No Strategy: Work Smarter

With a little strategy, it’s possible to say no, stay focused and still enjoy the benefits of saying yes.
July 7, 2016

It feels good to agree when someone asks for your help with a project or marketing initiative. When you say yes, you fill coworkers with joy, relief, and a sense that their request is valuable. At the same time, you get to be the agreeable, collaborative, easy-to-work with, always-willing to-help colleague who never causes conflict. Sometimes, that’s the perfect outcome. Everyone wins.

Other times, the gratification of saying yes paired with the chance to avoid conflict overwhelms better judgment. Meaningless work well beyond what is reasonable or useful piles up and steals time and resources from influential, important work that can make an impact and move an institution forward. In higher ed, staff, resources and time rarely keep pace with demand for services and support.
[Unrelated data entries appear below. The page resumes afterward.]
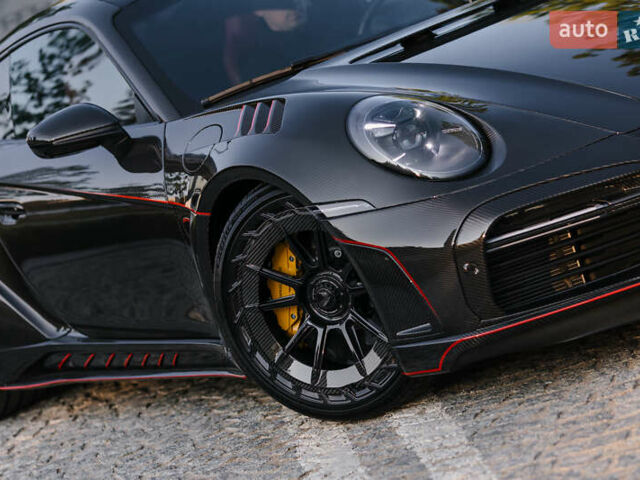 Черный Порше 911, объемом двигателя 3.75 л и пробегом 7 тыс. км за 410000 $, фото 1 на Automoto.ua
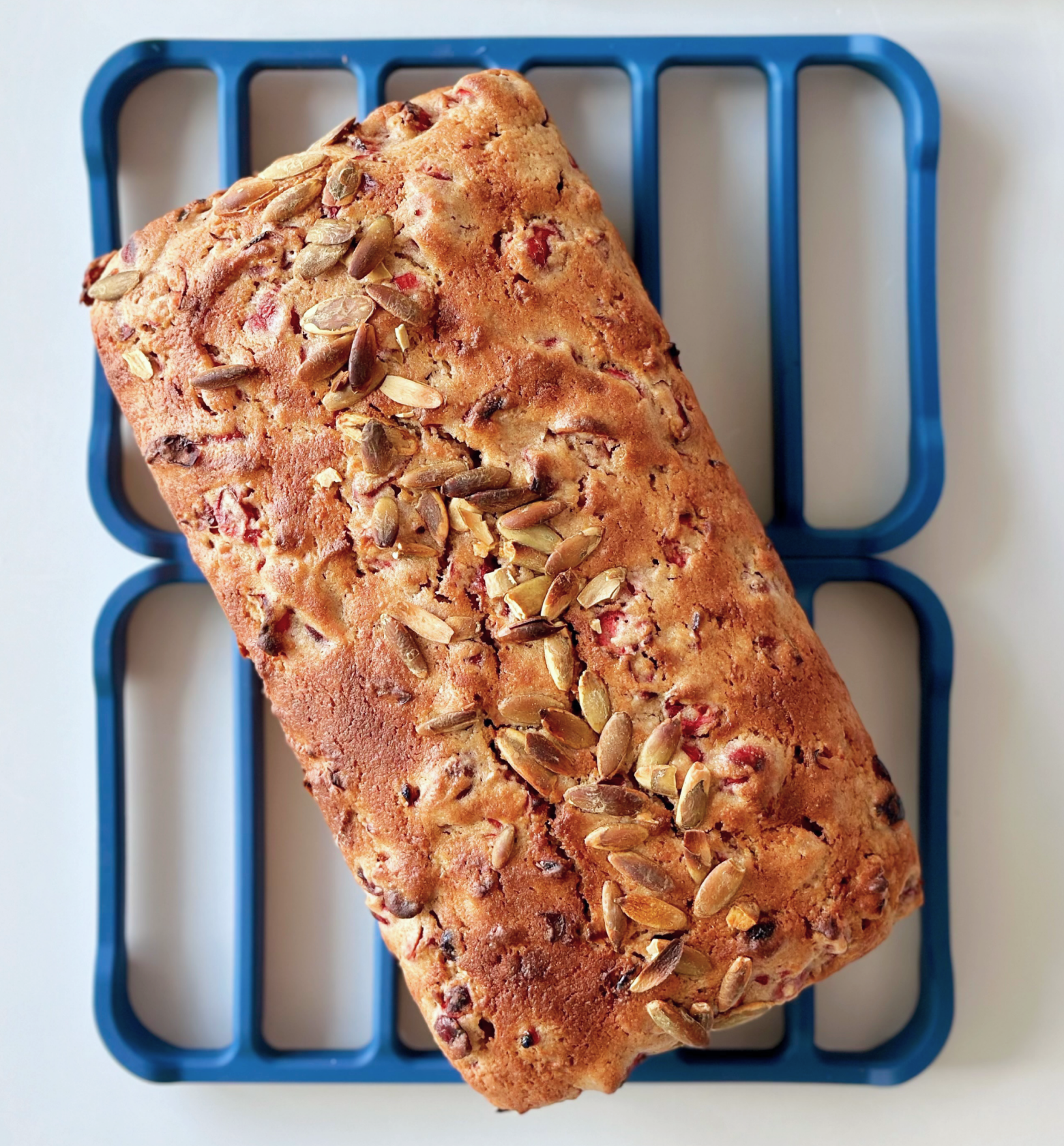 Homemade cranberry seed loaf bread topped with pumpkin seeds on blue cooling rack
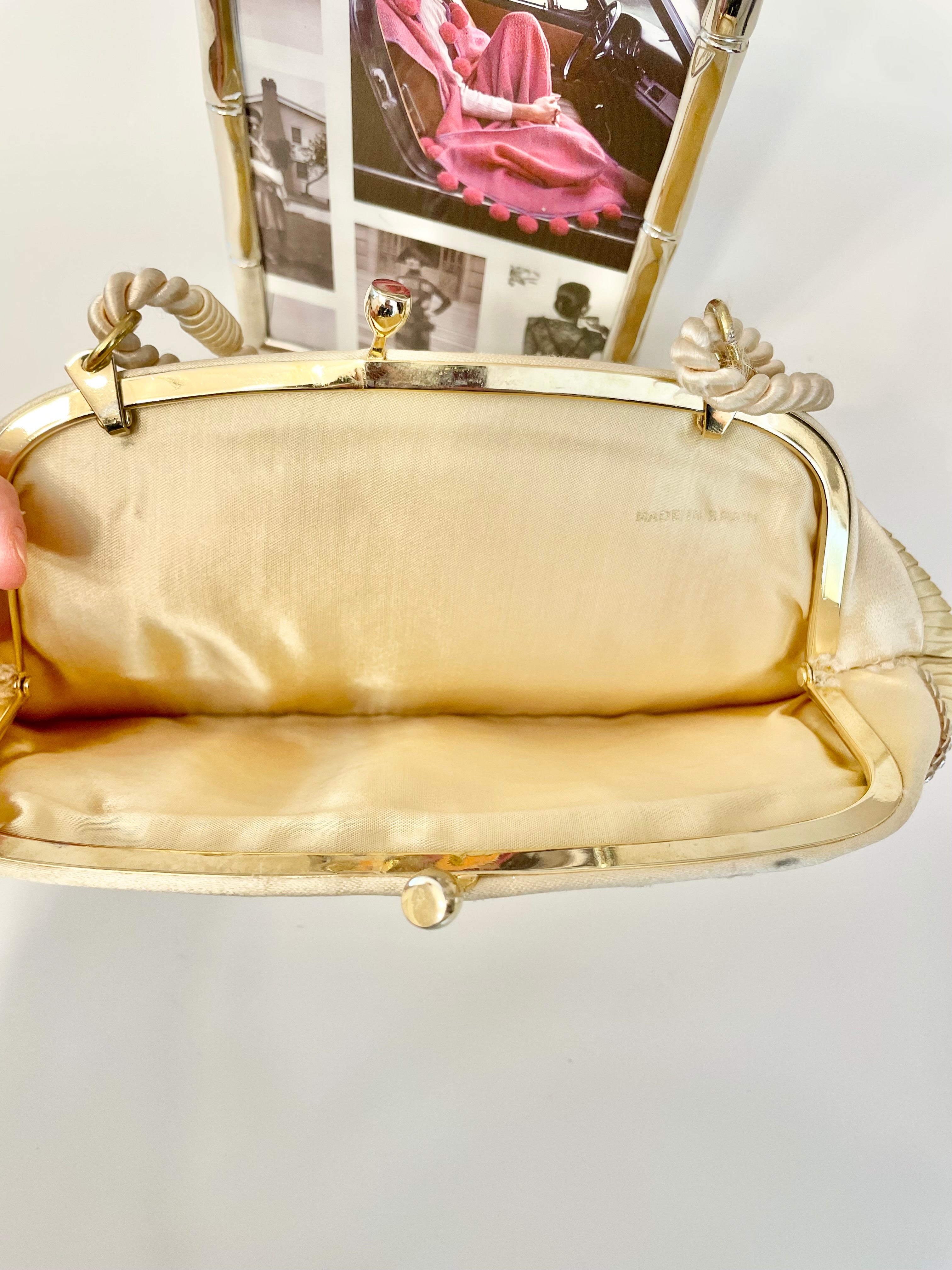 The most lovely ivory satin pleated evening bag.... so chic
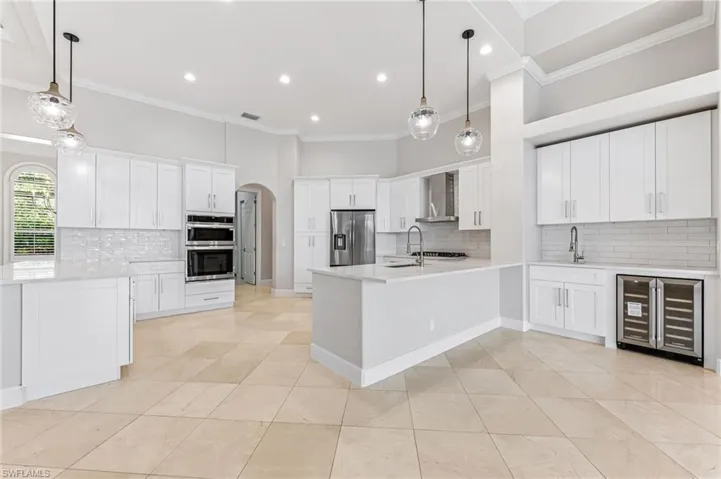 Kitchen with beverage cooler, appliances with stainless steel finishes, wall chimney range hood, crown molding, and decorative backsplash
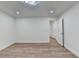 Bedroom featuring wood floors, recessed lighting, and white trim at 4495 Hedgewood Dr, Cumming, GA 30041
Discernment in what you do and don’t do can keep you from wasting energy on unfocused, trivial, generic marketing and communications.

That’s why you need a solid “no” strategy. Fortunately, saying “no” doesn’t have to mean being obstinate and unhelpful. With a little strategy, it’s possible to say no, stay focused and still enjoy the benefits of saying yes.

Put Strategic Purpose First

Deciding when to say no and when to say yes requires a solid understanding of the institution’s goals. It’s critical to articulate the connection between a specific initiative and a strategic outcome. Evaluate projects from their strategic potential and ask—always—how a specific project or effort will move the organization closer to the strategic outcome. If the answer isn’t crystal clear, the project (as presented) probably isn’t worth pursuing. Using some sort of strategic assessment tool  can help immensely in this process, and provides documented consistency in how projects and proposals are evaluated.

Assessment can also identify opportunities that might not be evident at first, allowing you to adjust project specifics to make it more strategic—shift a publication to the web so it directly supports lead generation for graduate programs, or refine the messaging of an ad campaign to better support other concurrent efforts. Most people appreciate good counsel, especially when it makes them look smarter and more strategic. And keeping the interests of the university at the center of all marketing and communication efforts helps everyone work toward goals that matter.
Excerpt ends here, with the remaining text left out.